Optimisation : quand l’IA transforme l’immobilier
Du côté des innovations technologiques, la proptech n’échappe pas à la vague de l’IA – générative ou non – qui permet de dépoussiérer et d’optimiser les méthodes du secteur immobilier. S’il est encore difficile d’embrasser la totalité du champ des possibles, un certain nombre d’acteurs valorisent déjà l’IA pour optimiser l’expérience des acheteurs, des vendeurs et des professionnels du secteur. Avec PropPal, l’entreprise américaine REAI propose par exemple des solutions d’automatisation de rédaction des offres aux agents immobiliers. Côté vendeurs, la startup italienne Casavo (qui a levé plus de 700M€ depuis 2020) met ses algorithmes au service du iBuying, qui consiste à proposer une estimation et une vente quasi “instantanée” d’un bien immobilier. Chez les investisseurs, le domaine de la gestion de portfolio est également transformé par l’impact de l’IA. Un acteur comme IMMO propose ainsi une solution de sourcing automatisée des biens, ainsi qu’une capacité à identifier automatiquement les meilleures opportunités d’investissement…
Vers un immobilier plus durable ?
Au-delà des crises conjoncturelles, tout un pan de la proptech a pour ambition de bâtir un secteur immobilier plus durable, et plaide pour un rapprochement avec le secteur de la construction. “On ne peut pas parler d’immobilier sans parler de construction. Le moment est venu de voir le sujet dans sa globalité, on manque d’acteurs ayant une vision sur l’ensemble de la chaîne de valeur”, précise Sara Himmich.
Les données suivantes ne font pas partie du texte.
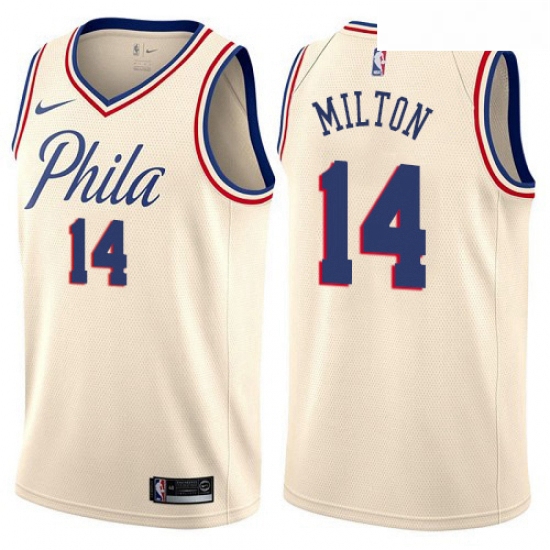 Youth Nike Philadelphia 76ers 14 Shake Milton Swingman Cream NBA Jersey City Edition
En attendant, un certain nombre d’acteurs développent déjà les briques nécessaires à l’émergence d’un habitat plus durable. La startup allemande Predium permet ainsi aux promoteurs et aux gestionnaires de biens de fixer des objectifs en termes de RSE ou d’implémenter plus facilement des mesures de réduction des émissions. Pour garantir une optimisation environnementale sur l’ensemble du cycle de vie des bâtiments, il reste aujourd’hui à interfacer ces outils de gestion immobilière avec les innovations qui émergent dans le secteur de la construction autour des matériaux durables, de l’efficacité énergétique, de la gestion des déchets, du BIM ou des analytics…
Hyperactif, le secteur de la proptech ambitionne de transformer nos manières de construire, de financer et d’habiter le bâti. Pour y parvenir, il doit à présent s’installer durablement dans les usages au-delà de l’expérimentation. “Le grand sujet, c’est le passage à l’échelle. Pour être rentable, les économies d’échelle sont nécessaires et il faut que les startups arrivent à dépasser le stade de la Proof Of Concept”, conclut Sara Himmich.